FEMA contractors experienced in the “haul and install” process will place the survivor’s temporary housing either in a commercial park, on the survivor’s private property or in a FEMA-constructed group site. Once a site is determined feasible, FEMA will issue a work order to have a unit delivered and installed at the site. FEMA makes the determination where the unit will be placed in accordance with local regulations.
How does FEMA determine if a private property site is feasible?
A site inspection is conducted to assess if a temporary housing unit can be placed on the survivor’s property. This includes checking for functioning water, sewer and power connections, any floodplain ordinance restrictions, the presence of debris that may block access to the site and other factors.
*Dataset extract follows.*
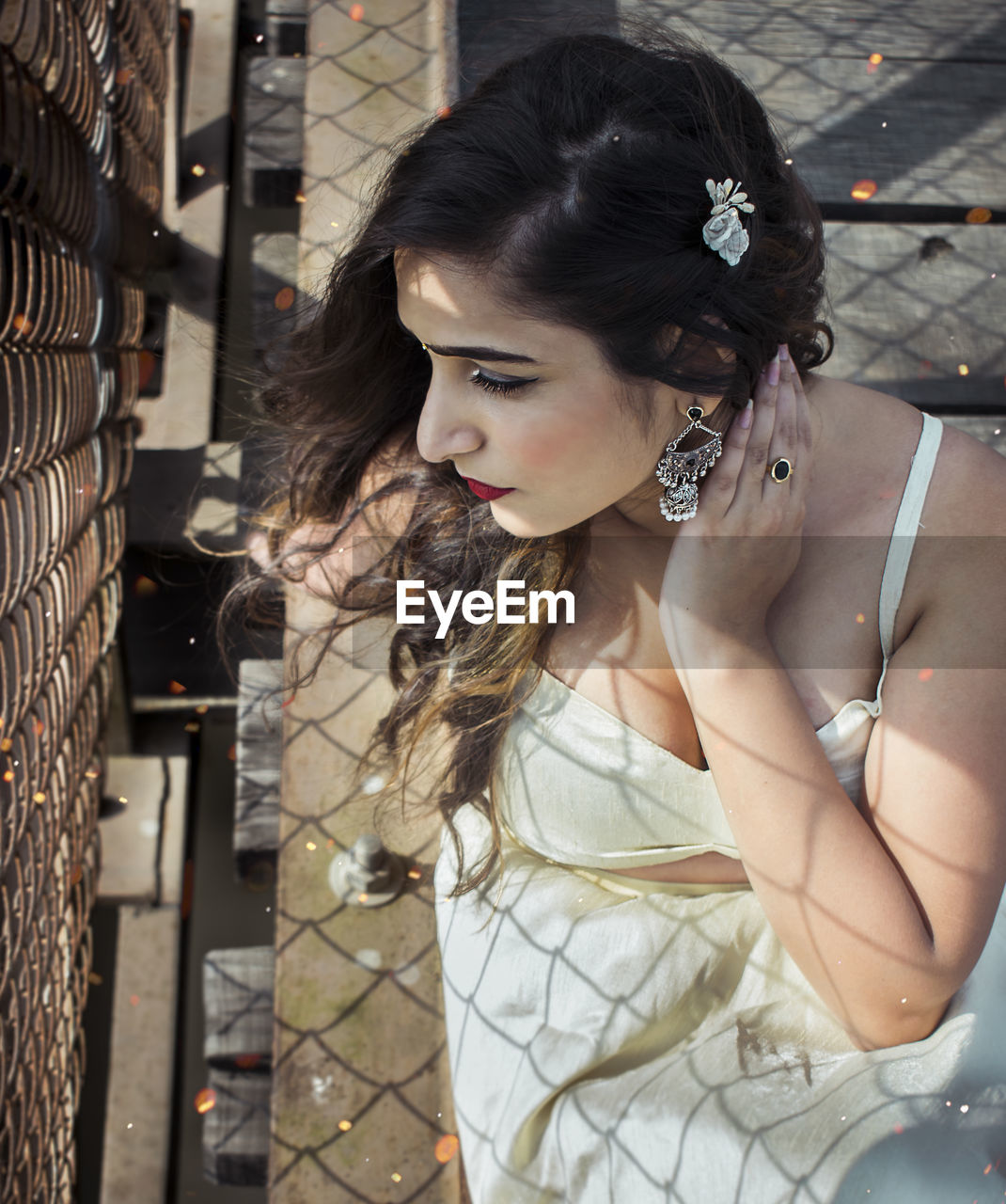 Beautiful woman looking away while sitting by chainlink fence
What is the installation process for a FEMA temporary housing unit?
The installation process, which must comply with local permitting, includes placement of the unit, anchoring of the unit and hookup of utilities (power, water, sewer). Once installation is complete, an occupancy inspection is made. When the unit passes inspection, it is ready for occupancy. At that point, a license-in agreement to occupy the unit will be signed.
How long can survivors live in the temporary housing units?
- Direct housing is temporary. These units are not permanent dwellings. FEMA staff will meet with survivors regularly to determine their continued eligibility and demonstrated needs and assist them in developing a permanent housing plan.
- To remain eligible, survivors must demonstrate continuing progress on a permanent housing plan. FEMA staff will keep survivors up to date on program details and deadlines through phone calls, letters and face-to-face meetings (only when necessary due to COVID-19 considerations).
- To remain eligible, survivors must adhere to all the conditions of a license-in agreement which specifies the responsibilities of the survivor in maintaining the temporary housing unit. Failure to follow these conditions can result in the occupants having to move out of the unit.
- FEMA temporary housing assistance may be provided for up to 18 months from the date of the presidential disaster declaration (Sept. 15, 2020 through March 15, 2022) for survivors who demonstrate a continuing need and work toward a permanent housing plan.